Le Sénégal qui a longtemps capitalisé sur son image de pays démocratique, sûr, épargné par les menaces terroristes islamistes, vient de démontrer, par l’incurie de ses dirigeants, la vacuité de ce modèle de bon élève et d’Oasis démocratique, dans un environnement géopolitique sous-régional agité par les soubresauts de pays dirigés par de petits apprentis dictateurs. Le présent article de propose d’aider, en quatre points, le lecteur à comprendre les raisons de la crise du 3 mars dernier.

Au cours des violentes manifestations qui ont secoué la capitale sénégalaise et certaines villes du pays le 3 mars dernier, on a pu entendre dans la foule quelques jeunes prêts à en découdre avec les forces de l’ordre, déclarer que l’arrestation de la principale figure de l’opposition, Ousmane Sonko, est «la goutte d’eau qui fait déborder le vase», donnant l’impression d’un ras-le-bol d’une population exaspérée par ce qu’elle qualifie d’exactions et d’autoritarisme de la part du régime en place. Les slogans repris en chœur par les manifestants: «Libérez le Sénégal», «Macky Sall corrompu», «Macky Sall dictateur», «Macky Sall valet de la France», etc, ne traduisent-ils pas à eux seuls les ressentiments des Sénégalais à l’égard du chef de l’État? Ressentiments pouvant se résumer grosso modo en quatre points.

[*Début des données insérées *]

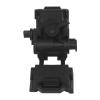 Tactical Fast Helmtet Accessory PVS15 PVS18 GPNVG18 Night Vision Goggle Mount L4G24 NVG Arm Mount Adapter- Tan view 3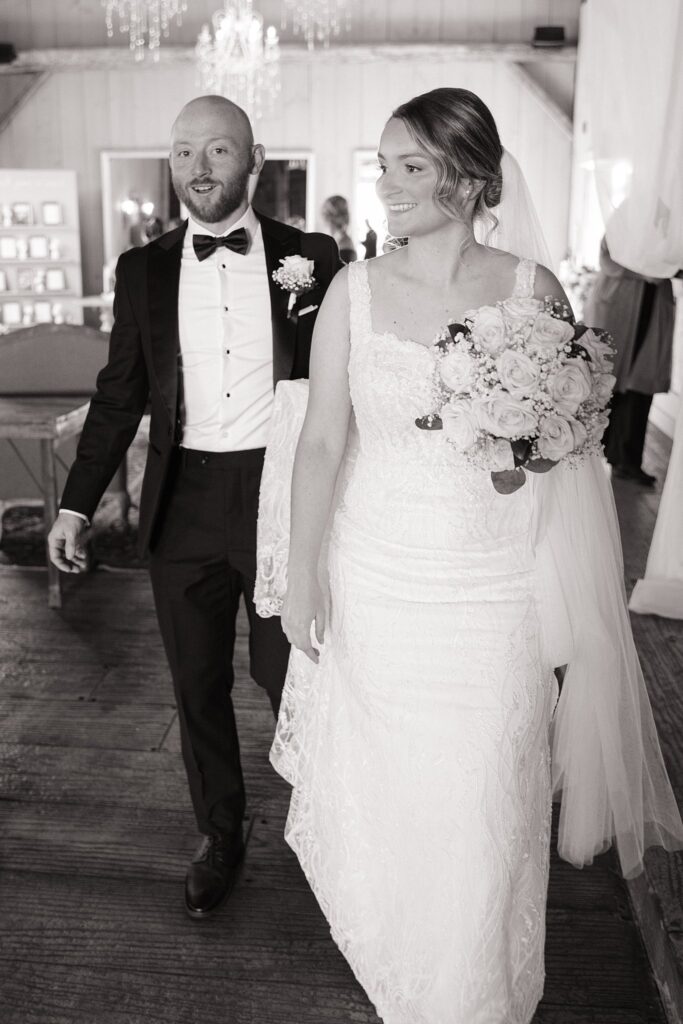 Authentic Autumn Wedding at Evermore in Ottawa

1-«Barça wala Barsakh » : Barcelone ou la mort, nouveau slogan d’une jeunesse désespérée
Au-delà de son caractère dramatique le slogan: «Barça wala Barsakh», c’est-à dire, Barcelone ou la mort en wolof, exprime mieux le désarroi de la jeunesse sénégalaise, contrainte d’émigrer dans les îles Canaries, en particulier, ou en Europe, au mépris de leur vie. Désœuvrés, sans repères et par manque d’opportunité d’emploi, des milliers de candidats à l’émigration préfèrent braver la mort en Méditerranée plutôt que «d’essuyer la honte» de la part de leur famille ou «d’être la risée» de la société dont ils subissent constamment les pressions.

Dans un pays de 16 millions d’habitants où 55% de la population a moins de 20 ans, on mesure l’horreur de cette récurrente émigration clandestine qui engloutit dans les ventres de l’Atlantique et de la Méditerranée, plusieurs centaines de jeunes dans la force de l’âge. L’effet pandémie a accéléré la crise, aggravant les inégalités déjà béantes, entre une classe moyenne possédante et une jeunesse en quête de mieux-être.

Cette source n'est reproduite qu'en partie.